One can make the case, I think, that Bronze Age (or earlier) pastoralists probably discovered this plant and its attributes. It is said in a myth that while Artemis discovered wormwood, she entrusted its secrets to Chiron the wise centaur who used it to make medicine. Of all ancient professions, the shepherd would have spent the most time in nature, especially following the seasonal sprouting of wild grasses and grains, following the transhumance routes through hills and valleys up and down Diana’s mountains. They would have known of the medicinal properties of plants, and perhaps when viewed from afar, may have resembled humans with horse’s legs.
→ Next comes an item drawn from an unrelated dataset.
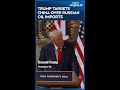 Trump Tariffs | Trump Targets China Over Russian Oil Imports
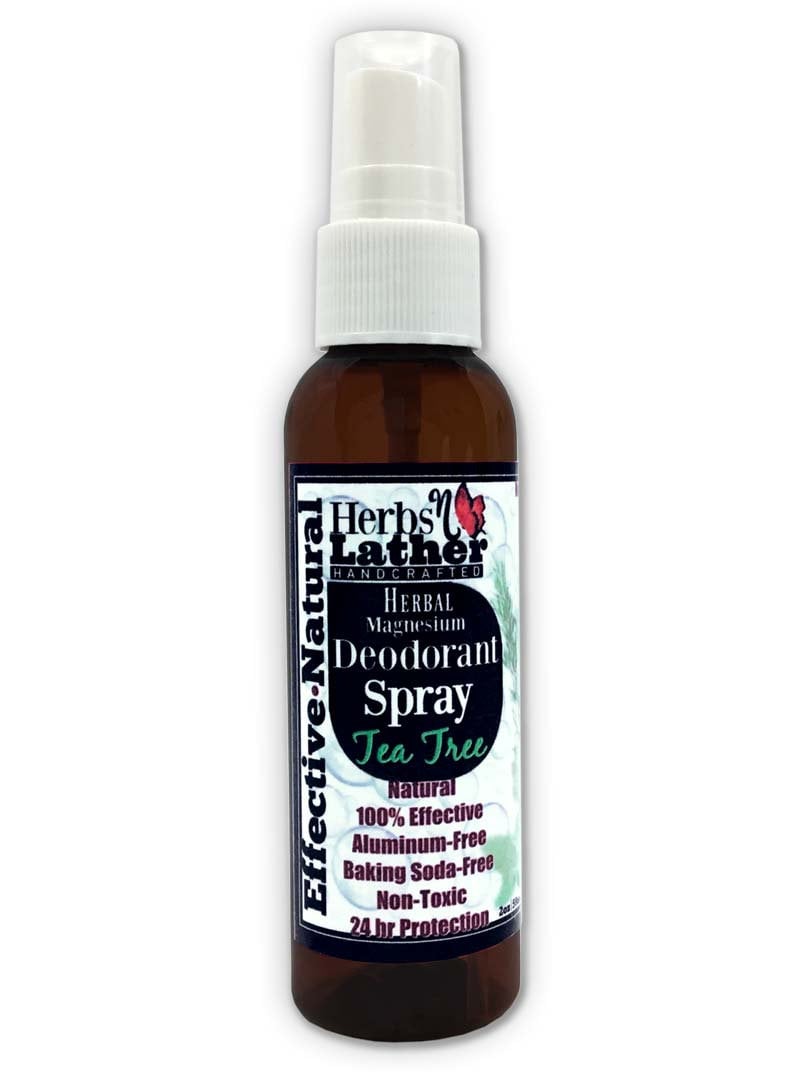 Deodorant Spray With Magnesium, Witch Hazel, Natural Grain Alcohol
Apuleius remarks:

“Of these worts that we name Artemisia, it is said that Diana did find them and delivered their powers and leechdom to Chiron the Centaur, who first from these Worts set forth a leechdom, and he named these worts from the name of Diana, Artemis, that is Artemisias.”

Shepherds would be able to recognize these herbs in low light while moving herds through mountain passes and foothills, and the bitterness of their flavor may have helped keep grazers on the path.

 

Diana’s wormwood is only one ingredient in vermouth, albeit the main one, and it’s worth noting that even a brief glimpse into this plant can offer us unique insight into the ancient world—a world inhabited by those who first began creating complex infusions of wine and spirits. How many cups have been sipped while hearing these old tales of the gods and men? The so-called pagan myths are often codified stories of human interaction with nature and with other people, and one can still see them referenced in the modern world—though they were probably understood quite differently by ancient readers and listeners than the way we relate to them today.

I find it interesting to explore the myth behind the ordinary, and studying vermouth and the botanicals used to make it allow us to engage in that sort of thing a little bit; I feel as though such study (as limited as this one is) can allow us to approach cuisine and spirits from a more informed perspective; it allows to become engaged with a deeper history and find, hopefully, a deeper appreciation of the seemingly mundane. Cheers!